M9 — Faraday's induction: the bridge crossed the other way
Move a magnet near a coil and you make electricity from nothing but motion. Lenz's law as nature's refusal of a free lunch. Why this single effect generates essentially all the electrical power on Earth, and why the magnet falls slowly through the copper tube.
M10 — Energy, force and the field made tangible
Where the energy in a charged capacitor or an inductor actually sits — not in the charges, in the field itself. Why this idea, which sounds like metaphysics, is what makes radio possible: the field can hold energy and let go of it.
M11 — Maxwell's four equations, and light [PIVOTAL MODULE]
The summit of classical physics and one of the summits of human thought. Four statements, each summarising decades of other people's experiments: field lines from charges; no magnetic monopoles; changing magnetic fields make electric fields; changing electric fields make magnetic fields. Maxwell added the last term — the displacement current — for reasons of consistency, not experiment. Combining them produced a wave that carried itself through empty space, and its speed, computed from two laboratory constants that had nothing to do with light, came out at the measured speed of light. Optics stopped being a separate subject that afternoon.
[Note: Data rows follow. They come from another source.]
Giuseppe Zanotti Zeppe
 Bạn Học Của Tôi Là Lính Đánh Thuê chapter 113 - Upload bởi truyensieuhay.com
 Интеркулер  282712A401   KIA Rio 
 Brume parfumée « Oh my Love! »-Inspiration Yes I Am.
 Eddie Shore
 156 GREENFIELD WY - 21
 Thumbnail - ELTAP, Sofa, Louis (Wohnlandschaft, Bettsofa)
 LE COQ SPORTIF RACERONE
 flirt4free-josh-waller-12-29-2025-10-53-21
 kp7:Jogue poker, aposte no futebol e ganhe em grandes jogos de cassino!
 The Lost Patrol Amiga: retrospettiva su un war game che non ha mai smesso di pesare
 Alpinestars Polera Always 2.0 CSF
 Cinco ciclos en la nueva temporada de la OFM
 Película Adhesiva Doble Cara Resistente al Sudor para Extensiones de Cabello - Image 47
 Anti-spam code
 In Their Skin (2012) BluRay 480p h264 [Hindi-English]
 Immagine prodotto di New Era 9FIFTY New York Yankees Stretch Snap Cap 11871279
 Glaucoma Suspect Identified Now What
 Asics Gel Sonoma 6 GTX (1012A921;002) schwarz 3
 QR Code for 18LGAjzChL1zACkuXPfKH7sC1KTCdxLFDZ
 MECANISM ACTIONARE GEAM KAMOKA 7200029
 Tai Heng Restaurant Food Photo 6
What the four equations say in plain sentences, why the fourth term mattered, and why every physicist since has been trying to repeat this trick.
M12 — Electromagnetic waves and the spectrum
One phenomenon, one speed, twenty octaves: radio, microwave, infrared, visible, ultraviolet, X-ray, gamma. Why your eye sees one narrow band and why that band is exactly where the Sun is brightest. Antennas, wavelength and why the size of things matters.
M13 — Matter responds: dielectrics, conductors, magnets
Why glass slows light, why metal blocks radio, why some materials are magnetic and most are not, and why the microscopic picture behind all three is the same story of charges rearranging themselves. The Faraday cage, from lightning to microwave oven doors.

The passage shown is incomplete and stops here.